= EXERCISE DESCRIPTION =
Under this line are the records; write out word for word the part that begins at the line containing "té... „U potápění" and ends at the line containing "Villa Relax In", and no more.

(STUDY MATERIAL)

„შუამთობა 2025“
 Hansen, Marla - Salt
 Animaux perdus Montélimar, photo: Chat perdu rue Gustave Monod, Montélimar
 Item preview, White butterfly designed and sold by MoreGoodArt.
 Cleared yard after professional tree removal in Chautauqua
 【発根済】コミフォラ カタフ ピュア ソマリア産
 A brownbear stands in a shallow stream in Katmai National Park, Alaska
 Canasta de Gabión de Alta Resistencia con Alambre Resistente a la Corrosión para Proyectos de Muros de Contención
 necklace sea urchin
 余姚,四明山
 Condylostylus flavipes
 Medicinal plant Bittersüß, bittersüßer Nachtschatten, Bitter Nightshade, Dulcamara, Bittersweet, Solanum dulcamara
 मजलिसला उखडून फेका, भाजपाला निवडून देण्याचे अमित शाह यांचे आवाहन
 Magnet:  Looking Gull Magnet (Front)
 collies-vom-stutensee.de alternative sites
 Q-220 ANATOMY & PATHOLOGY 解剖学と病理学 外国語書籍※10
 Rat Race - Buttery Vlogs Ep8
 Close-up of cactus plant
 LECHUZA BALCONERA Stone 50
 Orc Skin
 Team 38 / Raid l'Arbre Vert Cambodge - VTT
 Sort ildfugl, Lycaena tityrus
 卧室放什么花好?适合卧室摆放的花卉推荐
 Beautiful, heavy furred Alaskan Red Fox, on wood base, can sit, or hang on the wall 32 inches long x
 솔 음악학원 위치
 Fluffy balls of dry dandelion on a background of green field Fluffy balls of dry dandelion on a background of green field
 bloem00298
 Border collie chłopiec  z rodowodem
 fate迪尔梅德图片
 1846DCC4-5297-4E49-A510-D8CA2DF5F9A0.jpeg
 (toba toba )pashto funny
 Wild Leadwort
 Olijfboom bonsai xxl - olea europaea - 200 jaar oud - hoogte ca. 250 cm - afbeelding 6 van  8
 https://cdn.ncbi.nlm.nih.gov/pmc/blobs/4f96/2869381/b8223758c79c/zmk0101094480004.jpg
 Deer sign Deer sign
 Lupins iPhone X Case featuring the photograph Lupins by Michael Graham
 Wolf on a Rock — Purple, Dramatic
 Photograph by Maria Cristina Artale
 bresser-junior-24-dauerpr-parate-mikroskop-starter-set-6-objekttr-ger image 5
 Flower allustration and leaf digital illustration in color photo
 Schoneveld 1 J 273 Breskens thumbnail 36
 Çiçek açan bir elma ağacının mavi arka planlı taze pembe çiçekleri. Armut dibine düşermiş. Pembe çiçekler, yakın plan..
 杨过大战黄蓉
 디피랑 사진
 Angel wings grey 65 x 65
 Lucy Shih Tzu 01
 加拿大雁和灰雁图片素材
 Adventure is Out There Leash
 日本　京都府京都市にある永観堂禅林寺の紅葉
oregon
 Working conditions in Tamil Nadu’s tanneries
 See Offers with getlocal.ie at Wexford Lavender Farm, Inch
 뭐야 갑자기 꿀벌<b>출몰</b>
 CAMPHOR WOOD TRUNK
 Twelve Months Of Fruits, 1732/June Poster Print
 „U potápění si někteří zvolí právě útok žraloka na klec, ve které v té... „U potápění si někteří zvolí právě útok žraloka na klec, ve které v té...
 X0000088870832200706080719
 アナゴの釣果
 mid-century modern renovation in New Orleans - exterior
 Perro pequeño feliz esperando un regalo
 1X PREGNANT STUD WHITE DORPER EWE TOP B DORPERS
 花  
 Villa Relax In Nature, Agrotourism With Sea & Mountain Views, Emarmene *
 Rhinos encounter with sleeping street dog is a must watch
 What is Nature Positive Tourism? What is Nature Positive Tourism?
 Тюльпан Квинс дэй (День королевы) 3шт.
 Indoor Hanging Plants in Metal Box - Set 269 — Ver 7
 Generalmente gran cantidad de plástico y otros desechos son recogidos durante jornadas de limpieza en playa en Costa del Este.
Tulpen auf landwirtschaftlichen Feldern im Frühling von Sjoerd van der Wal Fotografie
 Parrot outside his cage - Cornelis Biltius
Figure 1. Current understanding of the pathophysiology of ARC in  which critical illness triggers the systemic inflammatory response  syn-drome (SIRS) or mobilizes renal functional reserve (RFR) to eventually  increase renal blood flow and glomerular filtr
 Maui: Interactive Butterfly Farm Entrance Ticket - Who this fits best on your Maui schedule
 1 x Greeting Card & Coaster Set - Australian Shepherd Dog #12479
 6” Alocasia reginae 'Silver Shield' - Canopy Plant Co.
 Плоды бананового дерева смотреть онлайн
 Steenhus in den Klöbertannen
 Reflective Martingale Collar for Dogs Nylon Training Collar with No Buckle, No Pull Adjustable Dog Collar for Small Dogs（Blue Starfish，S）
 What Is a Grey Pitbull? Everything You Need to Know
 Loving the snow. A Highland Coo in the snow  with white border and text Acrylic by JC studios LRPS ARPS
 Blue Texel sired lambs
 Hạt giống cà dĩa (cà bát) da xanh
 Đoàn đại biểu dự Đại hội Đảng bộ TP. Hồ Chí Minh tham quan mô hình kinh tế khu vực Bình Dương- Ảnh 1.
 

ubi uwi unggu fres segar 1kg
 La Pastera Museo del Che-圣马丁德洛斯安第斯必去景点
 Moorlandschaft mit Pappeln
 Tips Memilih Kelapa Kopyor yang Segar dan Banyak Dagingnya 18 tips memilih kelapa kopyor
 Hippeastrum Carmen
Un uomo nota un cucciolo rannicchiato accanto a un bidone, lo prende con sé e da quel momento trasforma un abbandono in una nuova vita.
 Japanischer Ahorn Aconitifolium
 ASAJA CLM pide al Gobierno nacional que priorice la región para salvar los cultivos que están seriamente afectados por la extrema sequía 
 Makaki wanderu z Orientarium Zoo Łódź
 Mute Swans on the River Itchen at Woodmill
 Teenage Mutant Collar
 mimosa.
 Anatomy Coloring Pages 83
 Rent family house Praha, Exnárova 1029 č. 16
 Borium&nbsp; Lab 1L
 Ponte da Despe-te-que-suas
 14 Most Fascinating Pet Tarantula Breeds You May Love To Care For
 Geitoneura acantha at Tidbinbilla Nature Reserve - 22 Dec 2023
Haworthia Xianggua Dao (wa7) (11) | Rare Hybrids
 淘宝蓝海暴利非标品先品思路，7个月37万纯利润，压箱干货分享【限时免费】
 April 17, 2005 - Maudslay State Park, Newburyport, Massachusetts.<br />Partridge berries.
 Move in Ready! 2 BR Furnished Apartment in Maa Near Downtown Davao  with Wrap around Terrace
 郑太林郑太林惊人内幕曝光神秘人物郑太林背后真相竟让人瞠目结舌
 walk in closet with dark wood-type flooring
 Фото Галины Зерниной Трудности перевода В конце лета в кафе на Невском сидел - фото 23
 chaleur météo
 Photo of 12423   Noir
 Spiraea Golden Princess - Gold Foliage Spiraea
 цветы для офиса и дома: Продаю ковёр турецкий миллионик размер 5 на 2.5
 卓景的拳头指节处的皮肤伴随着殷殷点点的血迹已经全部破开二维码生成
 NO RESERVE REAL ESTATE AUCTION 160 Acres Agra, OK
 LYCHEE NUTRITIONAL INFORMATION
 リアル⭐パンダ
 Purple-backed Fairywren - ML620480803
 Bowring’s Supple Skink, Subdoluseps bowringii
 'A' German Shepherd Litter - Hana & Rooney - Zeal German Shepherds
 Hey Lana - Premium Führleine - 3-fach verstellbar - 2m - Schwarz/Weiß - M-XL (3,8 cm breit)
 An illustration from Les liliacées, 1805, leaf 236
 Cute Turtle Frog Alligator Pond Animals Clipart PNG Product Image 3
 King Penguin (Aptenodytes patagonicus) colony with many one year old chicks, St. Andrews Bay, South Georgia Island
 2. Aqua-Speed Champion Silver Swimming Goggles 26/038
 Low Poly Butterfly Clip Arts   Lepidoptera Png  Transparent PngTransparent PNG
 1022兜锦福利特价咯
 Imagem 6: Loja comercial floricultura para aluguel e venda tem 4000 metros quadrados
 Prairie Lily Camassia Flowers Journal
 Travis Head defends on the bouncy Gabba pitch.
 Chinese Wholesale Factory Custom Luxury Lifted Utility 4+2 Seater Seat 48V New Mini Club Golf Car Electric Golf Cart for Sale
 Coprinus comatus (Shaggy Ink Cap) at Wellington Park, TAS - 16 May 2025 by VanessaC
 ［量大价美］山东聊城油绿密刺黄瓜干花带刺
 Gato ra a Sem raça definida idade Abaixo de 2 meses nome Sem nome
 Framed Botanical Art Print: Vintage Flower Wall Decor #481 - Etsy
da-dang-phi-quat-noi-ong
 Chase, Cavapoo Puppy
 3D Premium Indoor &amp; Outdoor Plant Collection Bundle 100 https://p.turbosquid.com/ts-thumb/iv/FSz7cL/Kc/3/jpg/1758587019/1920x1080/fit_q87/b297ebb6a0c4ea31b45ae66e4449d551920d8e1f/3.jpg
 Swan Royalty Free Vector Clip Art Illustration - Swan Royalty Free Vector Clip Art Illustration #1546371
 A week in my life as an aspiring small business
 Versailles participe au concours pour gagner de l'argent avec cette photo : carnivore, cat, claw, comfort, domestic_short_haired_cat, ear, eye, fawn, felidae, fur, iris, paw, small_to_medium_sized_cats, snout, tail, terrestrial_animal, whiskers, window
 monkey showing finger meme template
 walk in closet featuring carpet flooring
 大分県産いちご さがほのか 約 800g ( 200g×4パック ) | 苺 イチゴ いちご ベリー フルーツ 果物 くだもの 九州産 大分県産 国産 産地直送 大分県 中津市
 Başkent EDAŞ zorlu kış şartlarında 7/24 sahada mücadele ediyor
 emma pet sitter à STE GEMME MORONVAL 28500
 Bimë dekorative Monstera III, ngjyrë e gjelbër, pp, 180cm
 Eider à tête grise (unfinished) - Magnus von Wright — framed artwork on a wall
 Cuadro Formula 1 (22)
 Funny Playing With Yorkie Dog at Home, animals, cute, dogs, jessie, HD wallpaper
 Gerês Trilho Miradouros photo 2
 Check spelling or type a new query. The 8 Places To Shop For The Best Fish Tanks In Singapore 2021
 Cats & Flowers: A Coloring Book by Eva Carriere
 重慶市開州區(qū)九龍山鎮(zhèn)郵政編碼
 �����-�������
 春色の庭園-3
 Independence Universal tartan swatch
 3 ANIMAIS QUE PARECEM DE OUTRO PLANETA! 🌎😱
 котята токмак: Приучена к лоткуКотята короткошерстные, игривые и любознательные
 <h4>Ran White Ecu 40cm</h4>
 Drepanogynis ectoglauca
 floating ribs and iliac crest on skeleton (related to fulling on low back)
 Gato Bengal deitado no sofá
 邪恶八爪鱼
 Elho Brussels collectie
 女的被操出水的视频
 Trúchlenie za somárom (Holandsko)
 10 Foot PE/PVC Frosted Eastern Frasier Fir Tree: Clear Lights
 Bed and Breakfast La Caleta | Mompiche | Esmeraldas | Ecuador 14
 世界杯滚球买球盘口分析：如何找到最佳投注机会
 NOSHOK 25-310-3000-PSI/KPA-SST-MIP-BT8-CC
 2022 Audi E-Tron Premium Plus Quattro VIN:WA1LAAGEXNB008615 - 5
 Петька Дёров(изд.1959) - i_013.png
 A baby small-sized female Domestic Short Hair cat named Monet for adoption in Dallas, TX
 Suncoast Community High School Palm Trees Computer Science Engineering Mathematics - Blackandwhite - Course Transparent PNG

(End STUDY MATERIAL)

= YOUR SOLUTION =
 „U potápění si někteří zvolí právě útok žraloka na klec, ve které v té... „U potápění si někteří zvolí právě útok žraloka na klec, ve které v té...
 X0000088870832200706080719
 アナゴの釣果
 mid-century modern renovation in New Orleans - exterior
 Perro pequeño feliz esperando un regalo
 1X PREGNANT STUD WHITE DORPER EWE TOP B DORPERS
 花  
 Villa Relax In Nature, Agrotourism With Sea & Mountain Views, Emarmene *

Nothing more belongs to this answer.